▸ **Task item**:
Please filter the entries for the word "Mini" and copy every line that has it.

▸ **Supplied information**:
+---+

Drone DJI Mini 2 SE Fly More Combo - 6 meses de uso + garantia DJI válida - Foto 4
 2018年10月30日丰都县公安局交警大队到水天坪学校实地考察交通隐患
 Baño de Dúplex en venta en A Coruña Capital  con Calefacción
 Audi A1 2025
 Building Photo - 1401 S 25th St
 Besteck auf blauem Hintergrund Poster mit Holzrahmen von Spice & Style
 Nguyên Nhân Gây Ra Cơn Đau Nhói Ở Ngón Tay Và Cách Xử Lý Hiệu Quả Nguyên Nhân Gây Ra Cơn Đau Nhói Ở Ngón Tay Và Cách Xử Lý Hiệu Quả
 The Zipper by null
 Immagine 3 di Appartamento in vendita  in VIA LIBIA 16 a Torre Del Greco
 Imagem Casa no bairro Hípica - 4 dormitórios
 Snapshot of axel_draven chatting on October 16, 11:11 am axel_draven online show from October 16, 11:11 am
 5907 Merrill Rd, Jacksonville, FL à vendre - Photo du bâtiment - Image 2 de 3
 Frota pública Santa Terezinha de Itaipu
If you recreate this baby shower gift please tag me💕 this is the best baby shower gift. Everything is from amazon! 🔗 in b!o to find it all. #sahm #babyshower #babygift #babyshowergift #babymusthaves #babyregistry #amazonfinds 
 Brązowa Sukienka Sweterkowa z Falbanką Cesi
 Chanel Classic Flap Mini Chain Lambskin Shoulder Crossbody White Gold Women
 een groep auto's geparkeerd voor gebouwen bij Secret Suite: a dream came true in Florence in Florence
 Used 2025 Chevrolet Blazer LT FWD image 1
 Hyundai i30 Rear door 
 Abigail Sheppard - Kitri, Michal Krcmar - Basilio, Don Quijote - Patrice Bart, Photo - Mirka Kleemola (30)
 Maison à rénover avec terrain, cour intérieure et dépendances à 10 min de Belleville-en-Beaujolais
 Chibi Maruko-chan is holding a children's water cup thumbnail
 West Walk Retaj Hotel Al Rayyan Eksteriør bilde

+---+

▸ **Task solution**:
Drone DJI Mini 2 SE Fly More Combo - 6 meses de uso + garantia DJI válida - Foto 4
 Chanel Classic Flap Mini Chain Lambskin Shoulder Crossbody White Gold Women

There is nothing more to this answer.